XIV. (31) Но самый лучший довод – это безмолвное свидетельство самой природы о бессмертии души: забота, и немалая забота каждого из нас о том, что будет после его смерти. Когда в «Сверстниках» герой говорит: «Для будущих времен он садит саженцы», то разве он не имеет в виду, что будущие времена прямо его касаются? Здесь рачительный земледелец насаждает деревья, плодов которых он не увидит, а великий человек разве не насаждает свои законы, уставы, государственные порядки? Рождать детей, продолжать свой род, усыновлять наследников, заботиться о завещаниях, на самих могилах ставить памятники и похвальные надписи – не означает ли это заботы о будущем? (32) Но что говорить? Несомненно ведь, что каждый должен брать пример с лучших образцов своей породы, – а какой образец лучше, чем те, кто отроду посвятил себя помощи людям, заботе о людях, спасению людей? Да, Геркулес взошел к богам; но никогда бы он не взошел к богам, если бы не проложил туда дорогу в бытность свою меж людьми. XV. Пример этот древний, освященный общею верой; а что сказать о стольких великих мужах нашего отечества, отдавших за него свою жизнь? Разве могли они считать, что конец их жизни – это и конец их доброму имени? Никто никогда не пойдет на смерть за родину без немалой надежды на бессмертие. (33) И Фемистокл мог бы прожить свою жизнь бестревожно, и Эпаминонд, а коли взять пример поближе и поновее, то даже и я; но в сознании людском неким образом живет какое-то предчувствие будущих веков, и чем больше дар, чем выше дух, тем тверже оно держится, тем нагляднее предстает глазам.
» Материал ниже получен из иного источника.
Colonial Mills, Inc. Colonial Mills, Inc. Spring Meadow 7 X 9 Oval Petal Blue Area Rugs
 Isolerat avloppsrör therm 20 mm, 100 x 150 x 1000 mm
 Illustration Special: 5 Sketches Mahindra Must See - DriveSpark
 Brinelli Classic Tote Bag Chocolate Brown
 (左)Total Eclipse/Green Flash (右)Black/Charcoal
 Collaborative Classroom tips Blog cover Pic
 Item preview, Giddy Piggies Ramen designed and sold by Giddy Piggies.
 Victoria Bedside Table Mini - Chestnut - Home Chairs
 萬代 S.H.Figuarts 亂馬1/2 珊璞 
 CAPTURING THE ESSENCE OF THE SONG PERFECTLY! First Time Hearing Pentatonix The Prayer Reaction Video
Не будь это так, кто бы в здравом уме стал подвергать себя вечным трудам и опасностям? (34) Я говорю о вождях государства – но разве не мечтают о посмертной славе и поэты? Откуда тогда такие стихи:

Граждане, киньте свой взгляд на старого Энния облик —
Облик того, кто воспел ваших деянья отцов…

Энний требует славы как награды от тех, чьих отцов он прославил сам:

Пусть не оплачут меня погребальные вопли и стоны —
Незачем! Я ведь живой буду у всех на устах.

И не только поэты – даже мастера, и те ищут посмертной славы. Иначе зачем Фидий, не имея права подписать свое имя на щите Минервы, вставил в этот щит лицо, похожее на свое? А наши философы? Сочиняя книги о презрении к славе, ни один не забывает надписать на них свое имя. (35) Поистине, если общее согласие есть голос природы и если все и всюду согласны в чем-то относительно усопших, то должны согласиться с этим и мы; и если мы считаем, что природа вещей виднее всего тем, кто сам душою превосходит других по своей природе, то есть по дарованиям и добродетелям, а чем лучше человек, тем он более служит потомству, то весьма правдоподобно, что к некоторым вещам в человеке сохраняется чувство и после смерти.